FAME Studios, Muscle Shoals, Alabama

Some of the biggest artists in music history have recorded at FAME Studios—including Paul Anka, Etta James, Wilson Pickett, Aretha Franklin, Duane Allman, and Donny Osmond, to name but a few. The studio is also famous for launching the Swampers (actually named the Muscle Shoals Rhythm Section) who played as FAME’s session band and eventually went on to open their own studio. The Swampers became so well known that they were even mentioned in Lynyrd Skynyrd’s classic “Sweet Home Alabama.” Among the most recent international acts to record here is Finland's Anna Puu, and the studio continues to attract artists from across the world looking for that famous “Muscle Shoals sound”—said to be found only at FAME. Want to know how it feels to be a recording artist? Step into one of the isolation booths and belt out a few notes of your own.

Muscle Shoals Sound Studio, Muscle Shoals, Alabama

If you’ve ever dreamed of sitting at Paul Simon’s piano or lounging on the Rolling Stones’ couch, here's your chance. The Muscle Shoals Sound Studio has officially reopened for tours. The studio was originally started by The Swampers after leaving FAME Studios, and the unmistakable sound they brought with them to the new studio pulled in major acts—from Paul Simon and the Stones to Bob Seger and even Cher, who featured the studio’s exterior on one of her album covers. In addition to tours of the historic space, it will soon begin to welcome recording musicians for new sessions.

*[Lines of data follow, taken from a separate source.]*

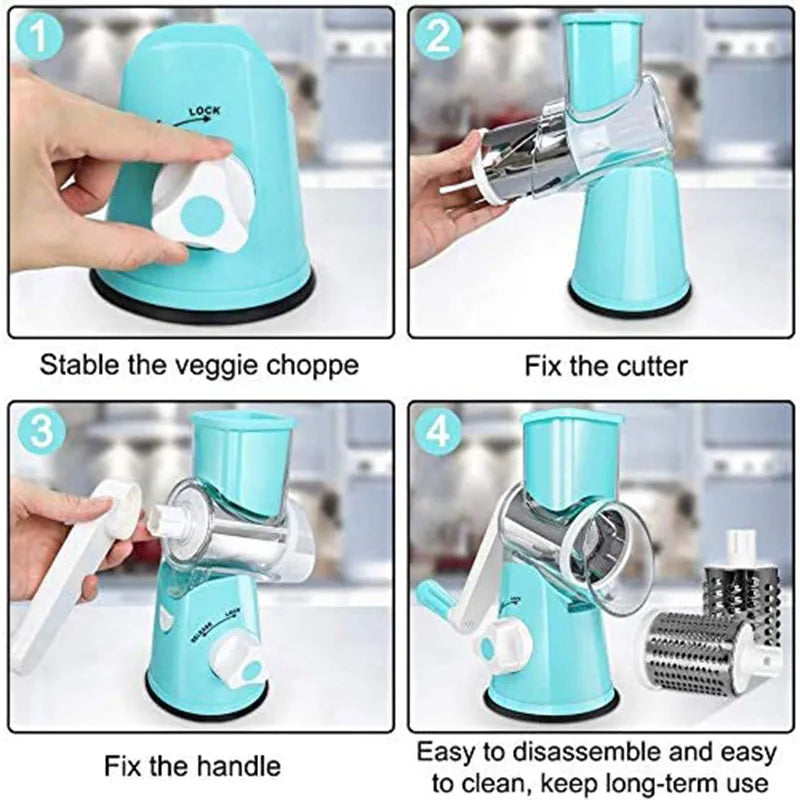 Manual Rotary Cheese Grater for Vegetable Cutter Potato Slicer Mandoline Multifunctional Vegetable Chopper Kitchen Accessories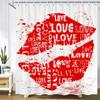 Happy Valentines Day Shower Curtains Bathroom Curtain Rose Love  Kiss Red Lips Romantic Decor Shower Bath Waterproof Fabric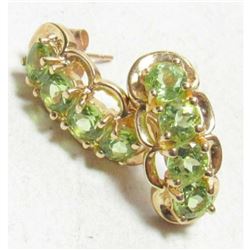 2.55cts Green Peridot Gemstone & Gold Drop Earrings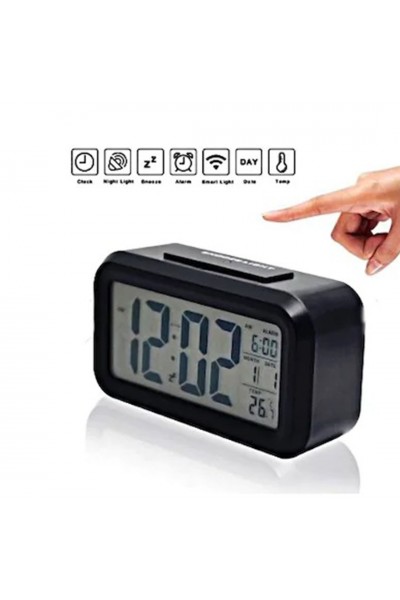 Dijital Masa Saati Fotoselli Alarmlı Işıklı Termometre Takvim Çalar Saat Siyah Dijital Masa Saati Fotoselli Alarmlı Işıklı Termometre Takvim Çalar Saat Siyah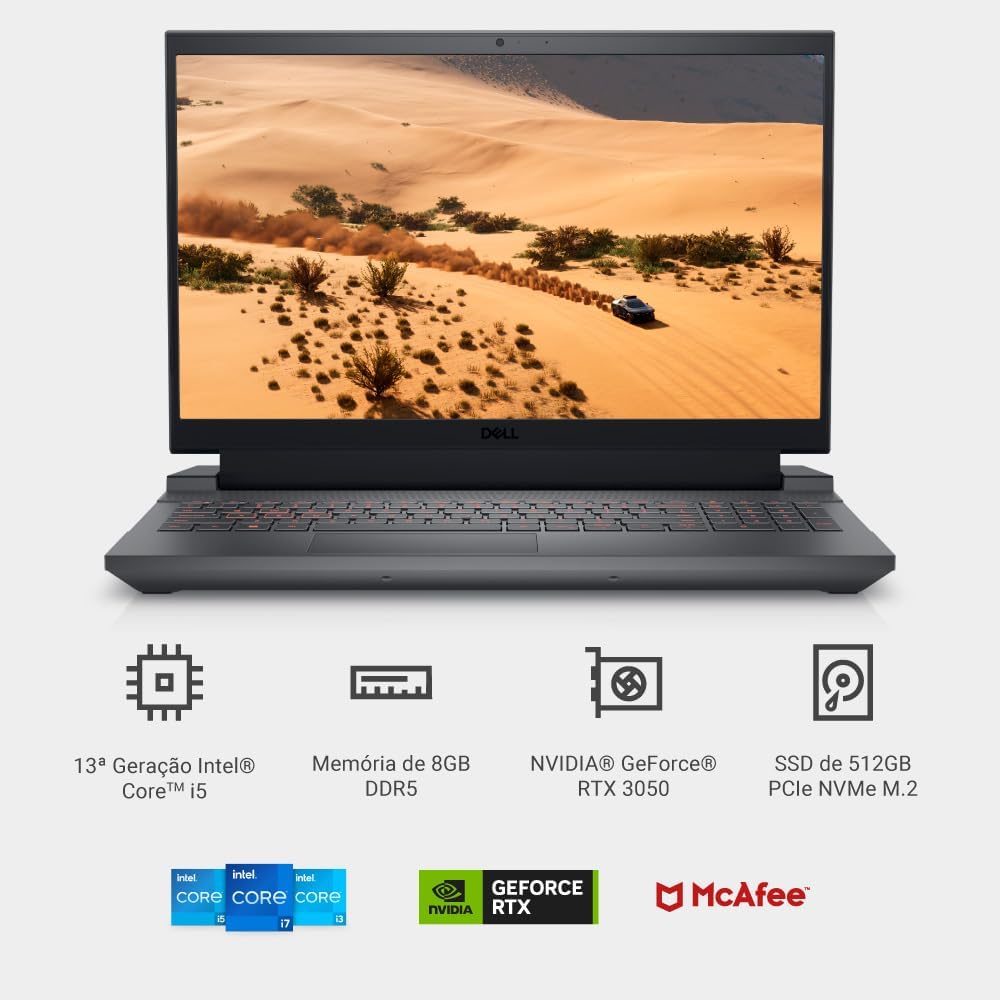 Notebook Gamer Dell G15-i1300-A25P 15.6″ FHD 13ª Geração Intel Core i5 8GB 512GB SSD NVIDIA RTX 3050 Windows 11 na Amazon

Preservation Hall, New Orleans, Lousiana

Technically, this one isn’t a studio—but one could argue it's every bit as important to the history of Americana music as all the rest. Preservation Hall debuted in 1961 with a mission to protect the New Orleans jazz tradition. By the time it opened, all the historic jazz clubs in New Orleans had been demolished (or, as in the case of the great Cosimo Matassa’s J&M Music Shop—the first studio home to musical greats Fats Domino, Ray Charles, Jerry Lee Lewis, and Little Richard—converted into a laundromat). Today, visitors to Preservation Hall can take in daily live shows that throw back to that traditional New Orleans jazz sound.